What you should do:
Instruction for the entries that follow: retype exactly the lines from the line with "STEVE GARVEY LOS" to the line with "Moderner Videoprojektor auf", both included, and omit all others.

Data provided:

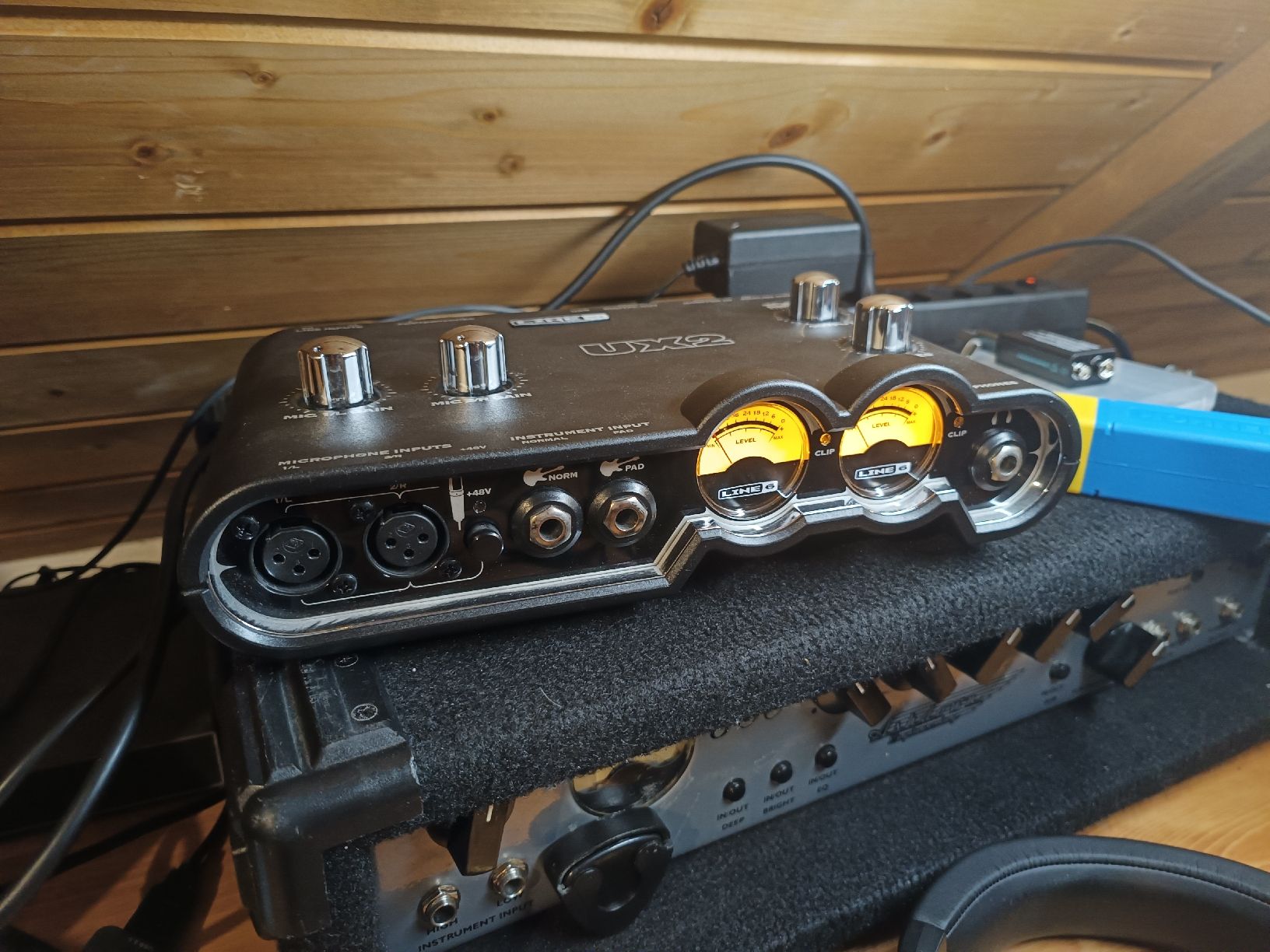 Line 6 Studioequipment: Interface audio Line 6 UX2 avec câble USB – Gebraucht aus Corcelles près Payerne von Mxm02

---

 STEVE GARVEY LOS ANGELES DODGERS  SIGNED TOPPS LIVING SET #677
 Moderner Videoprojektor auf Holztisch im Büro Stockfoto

Answer space:
 STEVE GARVEY LOS ANGELES DODGERS  SIGNED TOPPS LIVING SET #677
 Moderner Videoprojektor auf Holztisch im Büro Stockfoto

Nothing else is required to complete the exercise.